George Landow talks with Harvey Molloy about personal projects and future Web speculations.
George P. Landow is Professor of English and Art History at Brown University. This interview was conducted while he was on leave from Brown University and was Shaw Professor of English and Digital Culture and Director of the University Scholars Programme at the National University of Singapore. His books on hypertext and digital culture include Hypermedia and Literary Studies (MIT, 1991), and The Digital Word: Text-Based Computing in the Humanities (MIT, 1993) both of which he edited with Paul Delany, and Hypertext: The Convergence of Contemporary Critical Theory and Technology (Johns Hopkins UP, 1992), which has appeared in various European and Asian languages and as Hypertext in Hypertext (Johns Hopkins UP, 1994), a greatly expanded electronic version with original texts by Derrida, reviews, student interventions, and works by other authors. In 1997, he published a much-expanded, completely revised version as Hypertext 2.0. He has also edited Hyper/Text/Theory. (Johns Hopkins UP, 1994).
Harvey L. Molloy is an Assistant Professor in the University Scholars Programme at the National University of Singapore (NUS). His research interests include information design and digital arts. He has seven years experience in the design industry working as an information designer and has worked for clients in the diverse fields of telecommunications, finance, education and the arts. He is currently the Programme's Web editor.
The Web and Hypertext
HM: During the 90s, the Web came to dominate how we think about hypertext. What do you think about this domination?

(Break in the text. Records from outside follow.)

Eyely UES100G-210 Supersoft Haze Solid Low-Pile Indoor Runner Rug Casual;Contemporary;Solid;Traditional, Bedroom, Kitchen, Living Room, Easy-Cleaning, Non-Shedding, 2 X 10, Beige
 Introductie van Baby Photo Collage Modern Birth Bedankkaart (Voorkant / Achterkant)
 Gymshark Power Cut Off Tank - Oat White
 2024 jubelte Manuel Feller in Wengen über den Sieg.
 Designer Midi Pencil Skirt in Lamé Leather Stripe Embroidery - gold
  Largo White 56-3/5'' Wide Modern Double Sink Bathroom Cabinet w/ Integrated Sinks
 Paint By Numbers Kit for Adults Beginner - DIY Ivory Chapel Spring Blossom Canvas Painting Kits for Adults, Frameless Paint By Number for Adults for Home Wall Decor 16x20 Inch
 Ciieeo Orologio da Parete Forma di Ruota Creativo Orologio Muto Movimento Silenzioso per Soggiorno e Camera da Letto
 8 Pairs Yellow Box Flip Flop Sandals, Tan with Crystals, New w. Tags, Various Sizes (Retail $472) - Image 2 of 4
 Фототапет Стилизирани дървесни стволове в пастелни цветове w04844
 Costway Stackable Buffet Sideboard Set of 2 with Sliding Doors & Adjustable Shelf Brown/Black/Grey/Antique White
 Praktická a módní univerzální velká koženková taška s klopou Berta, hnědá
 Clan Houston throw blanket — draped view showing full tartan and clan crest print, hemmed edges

GL: As someone who believes that the model of networked - i.e. uncentered, nonhierarchical - digital technology offers important potential for education, educational institutions, scholarly and creative work, and society as a whole, I am fascinated and delighted by the way the Web has taken hold. As someone who came from the pre-Web hypertext community, I am saddened that people have had to settle for such an impoverished version of hypertextuality.
When I look back upon the history of hypertext, I realize that WWW is a kind of latter-day Hypercard in disseminating the idea and use of this kind of infotech: Like Hypercard, which came into being only after dozens of far richer systems had appeared, it appears free and extraordinarily easily to use. Of course, as soon as one tries to do anything rich and strange with either HTML or Hypercard, one begins to experience it much as boat owners tell me one experiences owning a sail boat - as a giant hole into which one pours unlimited time and money.
The lesson of both Hypercard and WWW seems to be that this misleadingly easy first experience leads to great success; the lesson of WWW seems to be that the networked model - this first step towards Nelson's Docuverse - matters more than anything else.
HM: What are the limitations of HTML and the Web?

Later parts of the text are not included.